Ever Heard of a Rain Porch?
Probably not, but here's what you need to know about the best outdoor living idea ever.
In the South we make the claim that porch season extends to three seasons a year. With the additions of the almighty ceiling fan, screening, and a fireplace it is entirely possible to enjoy 270 nights and days on the porch except for rainy days and stormy nights. Which are only becoming more and more frequent.
It's delightful to listen to the rain on your porch, but it's zero fun to get wet. And no matter the factory warranty promise, most outdoor furniture and rugs can't stand up to hot soggy weather for long. Luckily, a visit to an authentic 1908 Mobile Bay House solved the problem: The Rain Porch.
At first glance this house located on the Eastern Shore of the Mobile Bay (an area especially prone to hurricanes and storms) looks like a typical house with double wraparound porches. Actually, the homeowner, Ginny Stimpson explained that her home has "rain porches:" an awning-like extension of the roof itself that dips down at an angle to shield the house from wind and rain.
Don't mistake it for an exaggerated eave; rain porch roofs extend beyond the porch floor (3 and 6 feet from the end of the roofline) and at a lower angle providing more coverage.
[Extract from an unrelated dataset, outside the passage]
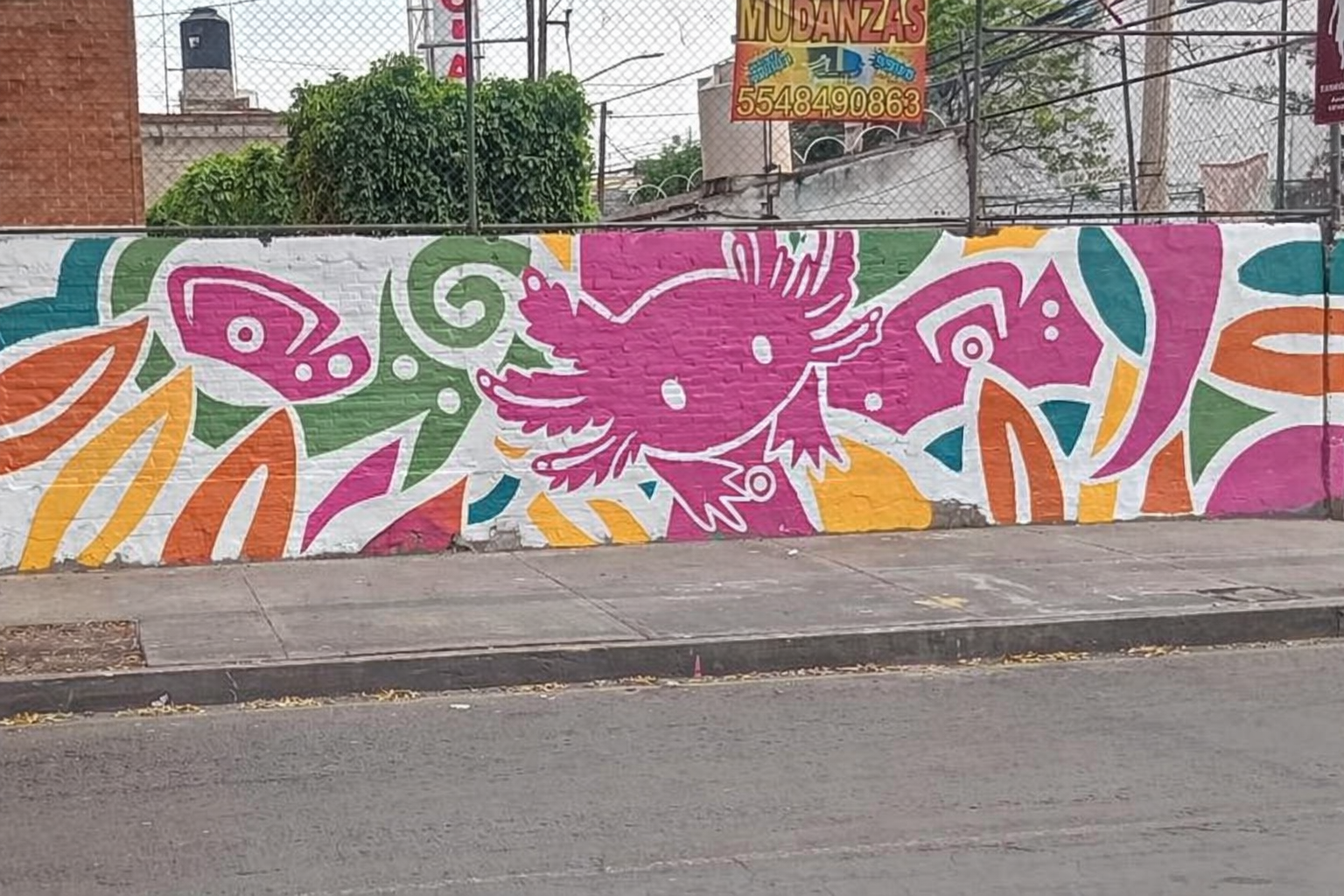 GRÁFICA MUNDIALISTA IZTACALCO 2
They also feature a slatted (or planked) ceiling for ventilation, creating breathing room for the rain porch ceiling room to expand and contract with the moisture and humidity. "It's amazing to sit out here in the rain. You can see an actual line where the water stops short of the porch," says homeowner Ginny Stimpson.
WATCH: Why Southerners Have Mastered Porching
While the exact origin of rain porches is unclear, most sources agree that they originated in Alabama either in the Black belt or along the bay. According to John Sledge, Mobile's architectural historian, this is one of only about a dozen houses located in the Mobile Bay area that still have intact rain porches. It's time to bring them back.